In the first draft, Moirin was an unnamed secondary character. Except I decided that it didn’t make sense having her just show up. So I am explaining why. Here is a longish snippet from the first scene.
Moirin woke with a start, cold sweat running down her spine. She sat up and stared blindly at the dark cottage, still trapped in the vision. Her, a group of young warriors in a place that wasn’t the remote mountain valley she called home. A thread of darkness, of doom, surrended them. Moirin frowned. She wasn’t certain if the doom would be caused by her leaving her valley, or if staying would be the cause.
She shook off the last vestiges of the vision and pulled away the pelt. She shivered when the cold night air hit her legs. She briefly considered going back to bed, but she dismissed the temptation. Experience had taught her that sleep eluded her after a vision.
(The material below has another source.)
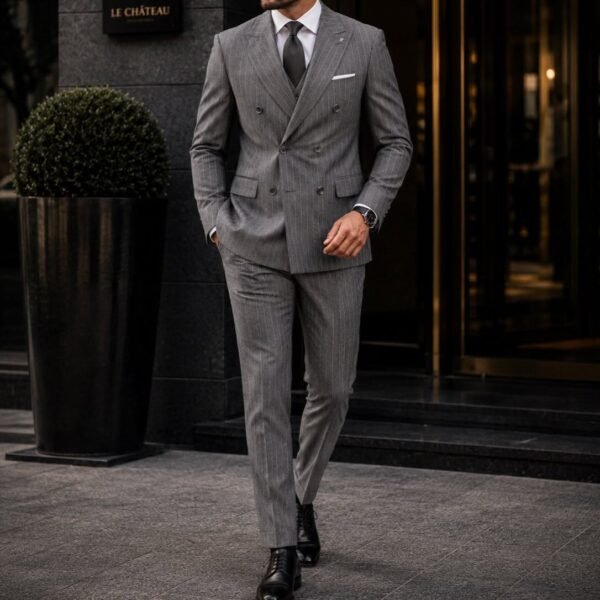 Kostum Premium Grey Pinstripe Double-Breasted Stil Gentleman & Old Money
She slid out of bed, her bare feet hitting the stamped earthen floor. Shivering, she pulled on a deerskin tunic and a pair of moccassins, before walking to the door. She rolled up the large piece of skin that worked as door, and stepped outside.
She gulped in the cold night air. The valley was dark and silent around her. The animals were asleep and the birds hadn’t arrived yet. Only she was awake. And she had a choice to make. Did she stay or did she go? Moirin shook her head. She refused to take sides in the war that was ripping the clans apart, despite the occasional attempt to change her mind, maybe it would have been different if the clans had sent women instead of warriors, but they hadn’t.
She knew that there were people that viewed her refusal to take sides as a betrayal, but she had been old when the war began, and she was older now. Maybe my presence would have stopped the war earlier. Or maybe the visions and the violence would have ripped my sanity to shreds. She exhaled. It didn’t matter. She couldn’t change the past. But I can change the future.